New Zealand refuses to tour Pakistan for T20 series: local media

New Zealand refuses to tour Pakistan for T20 series: local media

ISLAMABAD: New Zealand Cricket has refused to tour Pakistan for a T20 international series later this year, local media reported on Tuesday.

What would have been the Black Caps’ first tour to Pakistan in 15 years, won’t be happening, said an official from New Zealand Cricket.

"At the end of the day it came down to following the advisory and the security reports we'd obtained." NZ Cricket chairman Greg Barclay told NEWSHUB.

New Zealand are scheduled to play Pakistan in the Green Shirts’ ‘adopted home ground’ of United Arab Emirates in October in three Tests, three one-day internationals and three Twenty20 matches.

The Pakistan Cricket Board had hoped to convince New Zealand Cricket officials to move the T20 leg of the series to Pakistan, where international cricket has been slowly returning after a hiatus of nine years.

"There's no doubt they (Pakistan Cricket Board) are disappointed. I think they saw a tour by a country like New Zealand as being a great precedent for them to start to build an international programme back in Pakistan,” Barclay continued.

"So they're disappointed but they're good guys, we get on really well with Pakistan, and I think they're fully accepting of the decision that we've reached."

New Zealand last visited Pakistan in 2003, a year after a bomb blast outside the team's hotel in Karachi ended their tour prematurely.
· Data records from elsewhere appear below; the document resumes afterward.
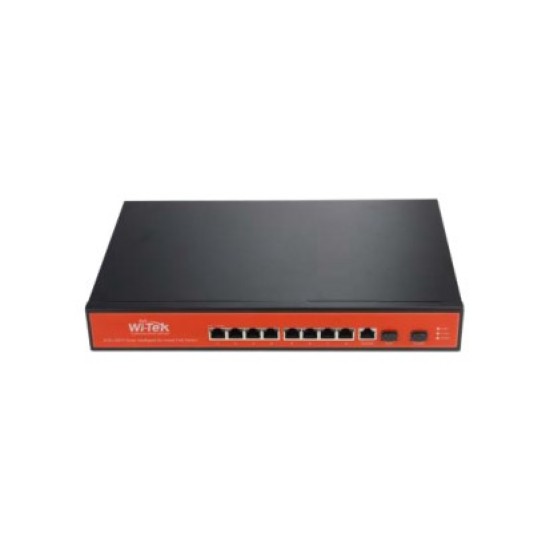 Switch WI-TEK Gigabit Ethernet PMS310GF-UPS-PLUS 8 Puertos POE 10/100/1000MBPS+2 Puertos SFP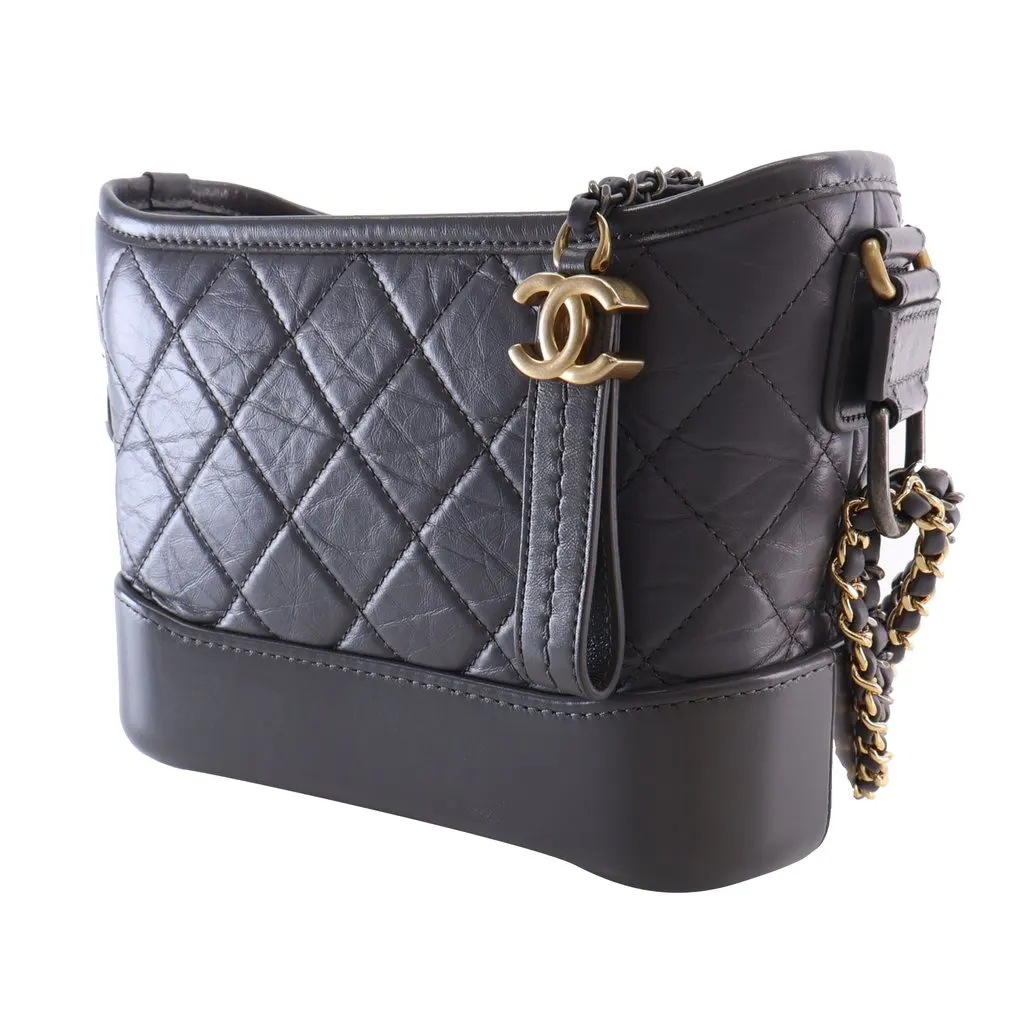 Chanel Small Quilted Aged Calfskin Gabrielle Hobo MultiColor Leather Very good - Inside View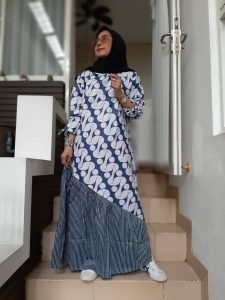 Desain Gamis Batik Keren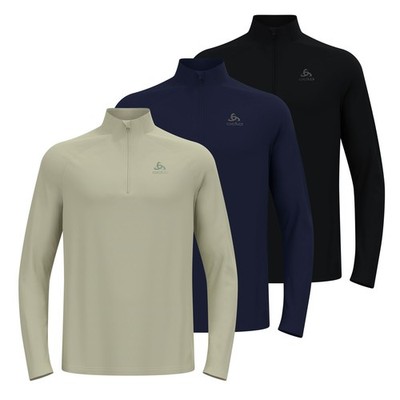 Odlo Herren Laufpullover Midlayer Funktionsshirt Halfzip Essentials Mid Layer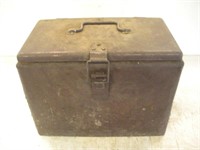 Vintage Metal Cooler  16x9x12 Inches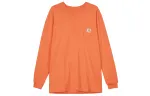 Carhartt T Shirts Unisex Orange Crew Neck Moderate Heavyweight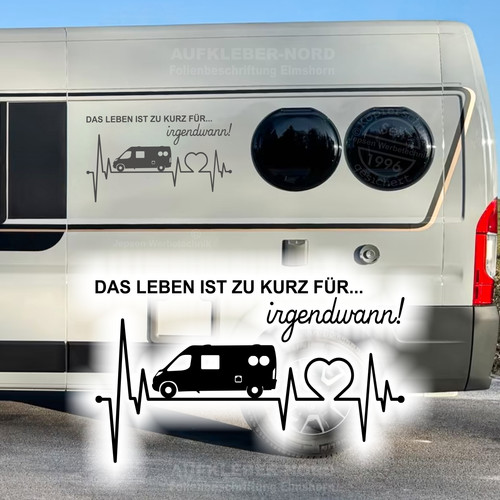 Herzschlag camper bus 80x48cm - herzschlag,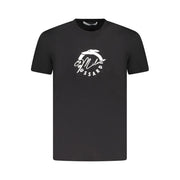 Trussardi Black Cotton T-Shirt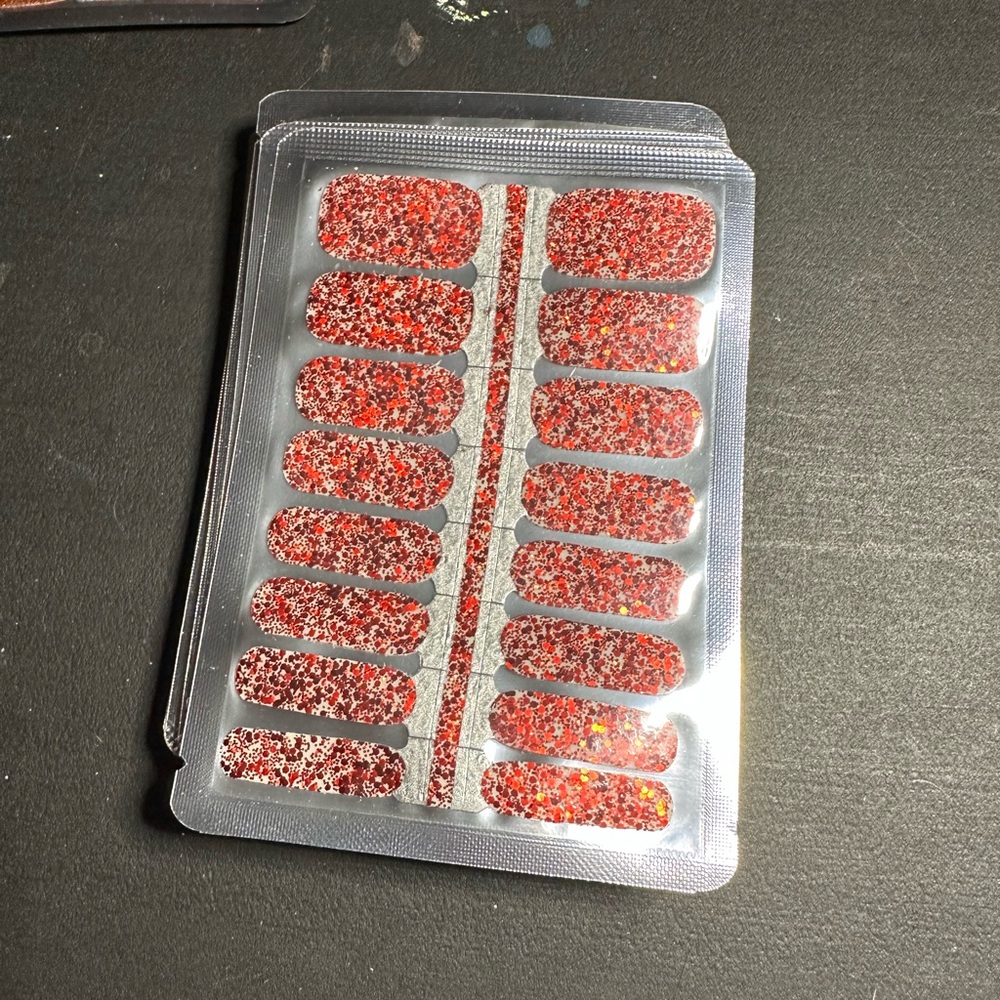 Lilly and Fox Brand New nail stickers in RED glitter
Asked if New Zealand players were prepared to go to Pakistan and whether New Zealand Cricket would have been able to send a team, Barclay said, "I think that probably would have been difficult for a variety of reasons. We fortunately didn't get to the point where we had to have those discussions."

"We're very sympathetic to the plight they find themselves in, we're a member of the ICC, we're very aware that the ICC are trying to facilitate more international cricket in Pakistan and we're very supportive of that.

"But all circumstances considered, we just decided circumstances weren't right for us to tour at the moment."

In April, West Indies became the first major side to tour Pakistan for a series since 2009, when a terrorist attack on the visiting Sri Lanka team triggered a drought of international cricket in the country. Sri Lanka returned in 2017 to play a T20I match in Lahore – the third and final match of the T20 series which was played in UAE.

The cricket-loving country also safely hosted the final of Pakistan Super League 2017 in Lahore, and the final three matches of the 2018 edition of the tournament. The security arrangements were widely praised by the visiting teams and security experts who reviewed the preparations.

Barclay said the success of the West Indies tour was taken into consideration when New Zealand Cricket made its decision.

"I can't comment on the decision process that the West Indies went through, perhaps some of the timings may have been different as well, I just know that we went through a very thorough process and I'm comfortable with the decision that we got to," the official added.